Before starting to configure etcd and Kubernetes, it is a good idea to install a basic Debian guest we can use to easily troubleshoot network or other issues if needed, this is also explained at the Xen site.

First of all let’s create a place to store all our Xen clients and download the needed files

andromeda
root@andromeda:~# mkdir -p /storage/xen/guests/failsafe
root@andromeda:~# cd !$
root@andromeda:/storage/xen/guests/failsafe# wget http://cdn.debian.net/debian/dists/stretch/main/installer-amd64/current/images/netboot/xen/debian.cfg
root@andromeda:/storage/xen/guests/failsafe# wget http://cdn.debian.net/debian/dists/stretch/main/installer-amd64/current/images/netboot/xen/initrd.gz
root@andromeda:/storage/xen/guests/failsafe# wget http://cdn.debian.net/debian/dists/stretch/main/installer-amd64/current/images/netboot/xen/vmlinuz
root@andromeda:/storage/xen/guests/failsafe# mv debian.cfg failsafe.cfg

now it’s time to create the Xen domain we’ll use

andromeda
Modify failsafe.cfg to set the following parameters
kernel = "/storage/xen/guests/failsafe/vmlinuz"
ramdisk = "/storage/xen/guests/failsafe/initrd.gz"
bootloader="pygrub"
extra = "debian-installer/exit/always_halt=true -- quiet console=hvc0"
memory = 512
name = "failsafe"
vif = ['mac=00:16:3e:ee:ee:01, bridge=virbr1, script=vif-bridge']
disk = ['file:/storage/xen/guests/failsafe/disk.img,xvda,w']
Create the image file
root@andromeda:/storage/xen/guests/failsafe# truncate -s 4G disk.img
And start it!
root@andromeda:/storage/xen/guests/failsafe# xl create failsafe.cfg
if this does not automatically show the installation screen run
root@andromeda:/storage/xen/guests/failsafe# xl console failsafe

this will start a normal console debian installation process, if everything is working fine your dhcp address should be picked up automatically, and it should download the needed files without issues.

If you experience problems always remember you can exit a guest domain by pressing Control-], you can the xl destroy failsafe and try again if needed.

If there’s a network issue you can also change the vif line above and make the guest connect directly to your physical network interface in bridged mode by substituting virbr1 with xenbr0, which should very likely work no matter what.

Now you should remove or comment out the kernel and ramdisk lines, and change the bootloader to pygrub by editing failsafe.cfg

# kernel = "/storage/xen/guests/failsafe/vmlinuz"
# ramdisk = "/storage/xen/guests/failsafe/initrd.gz"
bootloader="pygrub"

and you can now restart your failsafe and connect to it via

andromeda
root@andromeda:/storage/xen/guests/failsafe# xl create failsafe.cfg
root@andromeda:/storage/xen/guests/failsafe# xl console failsafe

with this if you ever experience issues in your Kubernetes cluster you would be able to boot up this Debian guest to help with debugging.

Final preparations

To make things easier when debugging our Xen guests, we are going to make sure they will always use the same IP address, this can be done simply by adding the relevant mac/ip pairs in our /var/lib/dnsmasq/virbr1/hostsfile file as follows for example.

andromeda
root@andromeda:/storage/xen/guests/failsafe# cat /var/lib/dnsmasq/virbr1/hostsfile
00:16:3e:ee:ee:01,192.168.100.254
00:16:3e:4e:31:10,192.168.100.10
00:16:3e:4e:31:11,192.168.100.11
00:16:3e:4e:31:12,192.168.100.12
...

the way it’s structure is quite straightforward: the first host is our failsafe debugging host, then 10-address blocks follow with the same MAC prefix and the last MAC digit being the same as the IP address.
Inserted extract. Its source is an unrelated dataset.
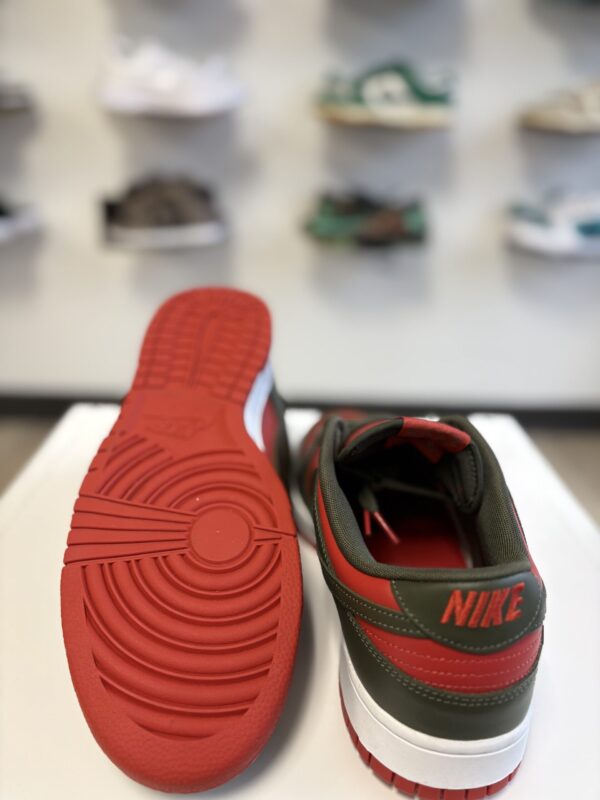 Nike Dunk Low Retro - Image 2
This will allow us to control the IP address our nodes get assigned via the MAC address we specify in the Xen deployment file. The non-failsafe entries in the file can be easily generated using a bash function like

function khostsfile {
    local macprefix='00:16:3e:4e:31:'
    local ipprefix='192.168.100.'

    for i in {10..99}
    do
        echo $macprefix$i','$ipprefix$i
    done
}

so, after evaluating that function, you could do something like

andromeda
root@andromeda:/storage/xen/guests/failsafe# echo 00:16:3e:ee:ee:01,192.168.100.254 > hostsfile
root@andromeda:/storage/xen/guests/failsafe# khostsfile >> hostsfile
root@andromeda:/storage/xen/guests/failsafe# mv hostsfile /var/lib/dnsmasq/virbr1/
root@andromeda:/storage/xen/guests/failsafe# systemctl restart dnsmasq@virbr1.service

to generate all the entries.

Given that this is a local development server I would suggest also editing /etc/ssh/sshd_config and enabling the PermitRootLogin prohibit-password line, so you can easily log in from your main workstation as root if needed after copying over your ssh key.
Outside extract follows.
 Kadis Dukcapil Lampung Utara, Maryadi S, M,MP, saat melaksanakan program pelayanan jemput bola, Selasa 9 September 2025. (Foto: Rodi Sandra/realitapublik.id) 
Of course this and other similar considerations really depend from your security requirements, but in this series of articles the assumption is that the Xen/Kubernetes server you are running is a local box on your premises, if you are installing on a hosted server somewhere you will have to evaluate the various security trade-offs in terms of access and general server hardening which are beyond the scope of this post series.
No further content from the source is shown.